Dublör etiketine sahip kayıtlar gösteriliyor. Tüm kayıtları göster
Dublör etiketine sahip kayıtlar gösteriliyor. Tüm kayıtları göster

19 Kasım 2011 Cumartesi

Ölüme Meydan Okuyan Dublör Ökkeş Avgın ile röportaj


Yakup Sancı: Ökkeş Avgın 1964 yılında Kahraman Maraş da doğdu. İstanbul Halıcıoğlu'nda askerlik yaparken ağabeyi Yeşilçam da Metro Video film şirketinde Pazarlama Müdürlüğü yapıyordu. Çarşı iznine çıktıkça ağabeyi'nin yanına geliyordu. Yeşilçam'ın birçok ünlü ünsüz aktörleri ile bu vesile ile tanıştı. Askerlik bittikten sonra memlekete döndü. Bir yıl sonra tekrar İstanbul'a geldi ve ilk tv dizisi olan "Polis" dizisinde sivil polis olarak 3 bölüm çalıştı.

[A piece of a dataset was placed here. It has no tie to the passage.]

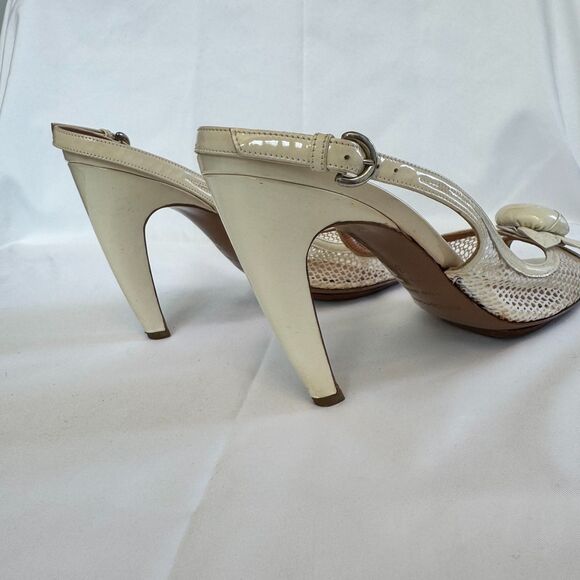 Sergio Rossi Women's Off White Patent Leather Slingback Floral Sandal Size 9 - Picture 7 of 9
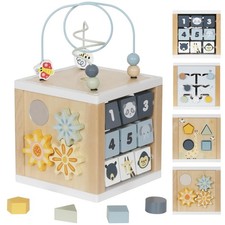 touch us Wooden Activity Cube, 6-in-1 Montessori Toys for 1 Year Old Boys  ...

Sinema emektarlarından, avantür (Kavga) Yumruk atma, yumruk alma, gibi teknikler öğrendi.

Sinema da oyunculukla yetinmedi. Avgın, bir çok filmde ünlü, ünsüz jön ve jöndam'a dublörlük yaptı. Onun için önemli olan öyle ya da böyle bir şekilde sevdiği sinema sektöründe olmaktı. Öyle de oldu. Bir şekilde girdiği sinema sektöründe 26 yılı geride bıraktı. Bir çok filmde oyuncunun yaptığına inandığımız ‘'vay bee''dediğimiz sahnelerin görünmez kahramanı oldu.

Yakup Sancı: Sinemada dublöre neden gerek duyulur?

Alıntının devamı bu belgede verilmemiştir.